1. Teruma - A small percentage of all produce grown in the land of Israel is given to the priests, who according to Torah law, received no portion of their own when the land was divided up. This produce is prohibited to all who are not priests (kohanim). 

2.  Maaser - 1/10 of the produce grown in Israel is given to the levites, who also have no portion of their own.

3.  Tevel - All produce is prohibited before the teruma and maaser are separated.

4.  Bikkurim - The first-fruits of the trees are brought to the Temple. This law is not in effect today, when the Temple does not exist.
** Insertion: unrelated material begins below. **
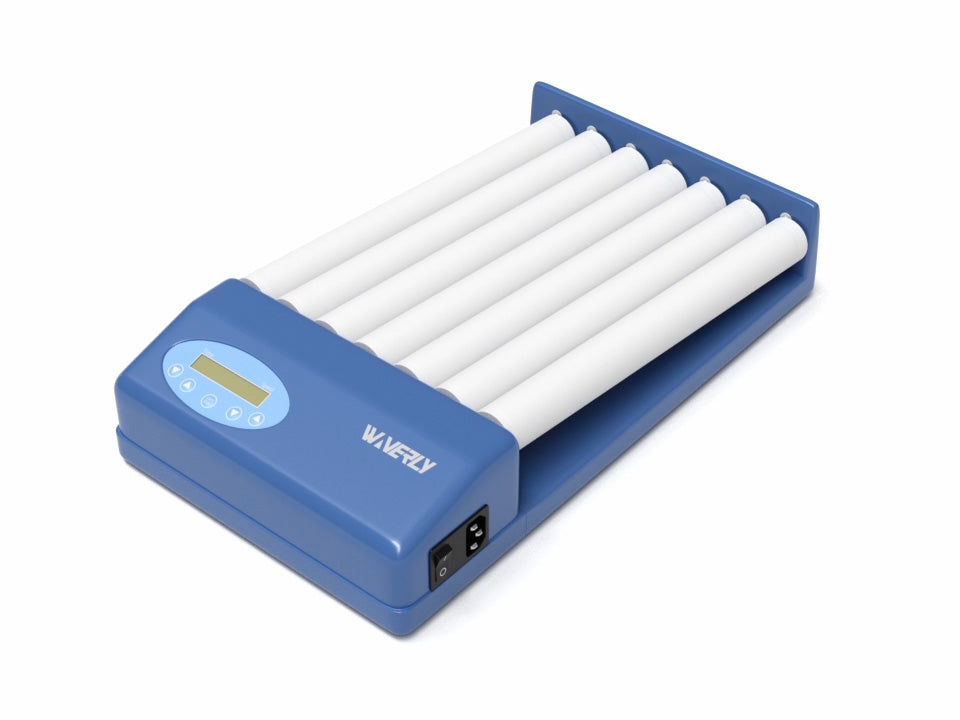 Waverly® R0L1 Roller Mixer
5.  Maaser sheni - During the years 1,2,4,5 of the seven-year sabbatical cycle, an additional 1/10 of the produce grown in Israel is set aside to be brought to the Temple, where it is eaten with great celebration by the owner himself. Maaser sheni may not be eaten outside of Jerusalem or by someone who is not ritually pure; e.g., someone who has been defiled by coming in contact with death.

6.  Maaser ani - During the years 3 and 6 of the sabbatical cycle, 1/10 of the produce is given to the poor.
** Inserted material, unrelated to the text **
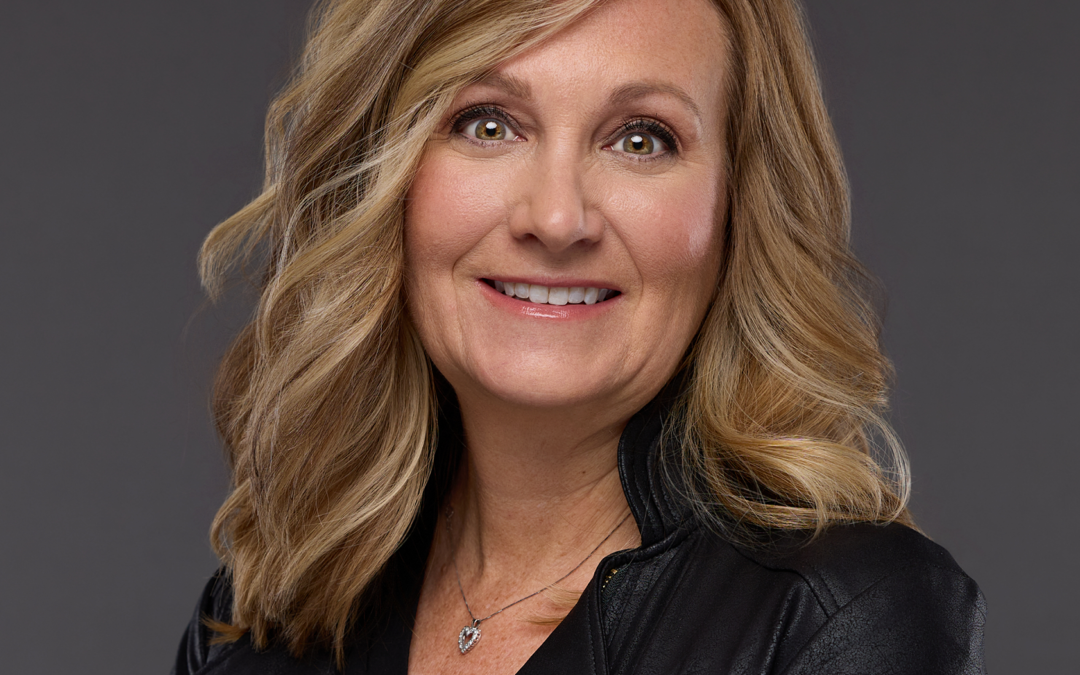 Staci Kring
7.  Leket, shikhicha, and pe'a - various parts of the yearly produce are left for the poor to gather on their own.

8.  Shemita - The seventh year of the cycle is completely set aside, and agricultural work may not be done. All produce that grows is free for whoever wants it, and may not be gathered or stored by the owner of the fields. Practically speaking, what was done was that the court gathered up the produce and distributed it.

9.  Challa - a small portion of every loaf of bread is given to the priests. This is basically an additional kind of teruma (#1), but this obligation, unlike teruma, applies even outside of Israel. (Since the challa is prohibited to all but priests, and since we do not today give the challa to priests, it is burnt. At one time, when people made their own bread at home, this mitzva was common to every Jewish home, and was usually performed by the mother of the household.)

10. Arla - Fruits which are produced during the first three years after the planting of a tree are forbidden. In the fourth year, they have the same status as bikkurim (#4).

            This is barely scratching the surface, but the minute details need not concern us now. First question - what is the section of halakha to which these laws belong? In other words, which area of our life is being affected? Obviously, the answer depends on whether you are a farmer or a consumer. While these laws are often called collectively "mitzvot ha-teluyot ba-aretz" - laws dependent on the land (of Israel) - the prohibitions involved, mostly involving eating, are not dependent on being anywhere in particular, and are, in effect part of the laws of kashrut. This was brought home to me by an unfortunate incident many years ago, one which I believe could not take place today.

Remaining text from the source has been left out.